Grist Mill will be raised next week

Rose Weldon
An aerial view of the construction on the Roslyn Grist Mill, which will be raised next week. (Photo by Greg Apisson)
The historic Roslyn Grist Mill will be raised eight feet next week, according to the mill’s owners, the Roslyn Landmark Society.
In an email sent to its members, the society said that “teams of preservation specialists” would raise the centuries-old mill on Old Northern Boulevard next Thursday, beginning at 10 a.m.
The mill will be raised 8 feet, 4 inches above street level, and “workers will quickly add sections of timber cribbing to account for the additional height,” the society said.
The raising will allow workers to excavate the existing foundation and begin constructing a “new water-tight foundation.” At the same time, timber frame specialists will remove and restore the structure’s deteriorated columns and support beams.
Thursday will not mean the end of the project, however, and the society says that upon finishing the restoration of the whole property “later this year,” the mill will be lowered four feet to street level “in order to provide safe public access to the mill for future use as an education center.”
The mill, which was placed on the National Register of Historic Places in 1986, is one of only a few surviving Dutch-framed watermills built between 1715 and 1741 that were purposely built for industrial use rather than farming, and it was used for over 150 years.

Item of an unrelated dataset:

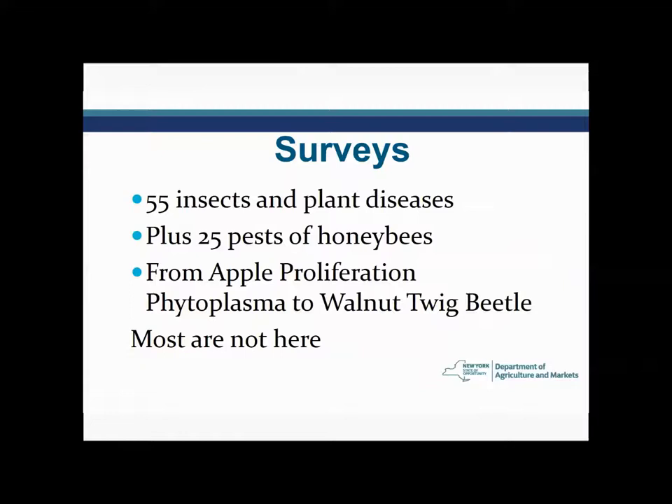What's the scope of the surveys? Just this past year, the surveys that were done covered 55 different insects and diseases, and there were an additional 25 pests of honeybees. Basically, everything from A to Z — apple proliferation phytoplasma, a very serious disease of apples prevalent in Europe that we definitely don't want to get, to the walnut twig beetle, another pest we have done survey work for.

The grist mill project is funded by about $3 million in donations from landmark society members and grants from foundations like the Pittsburgh, Pennsylvania-based Gerry Charitable Trust and the East Hampton-based Robert David Lion Gardiner Foundation. State agencies like the New York State Office of Parks, Recreation and Historic Preservation and the Regional Economic Development Council have also awarded grants for the project.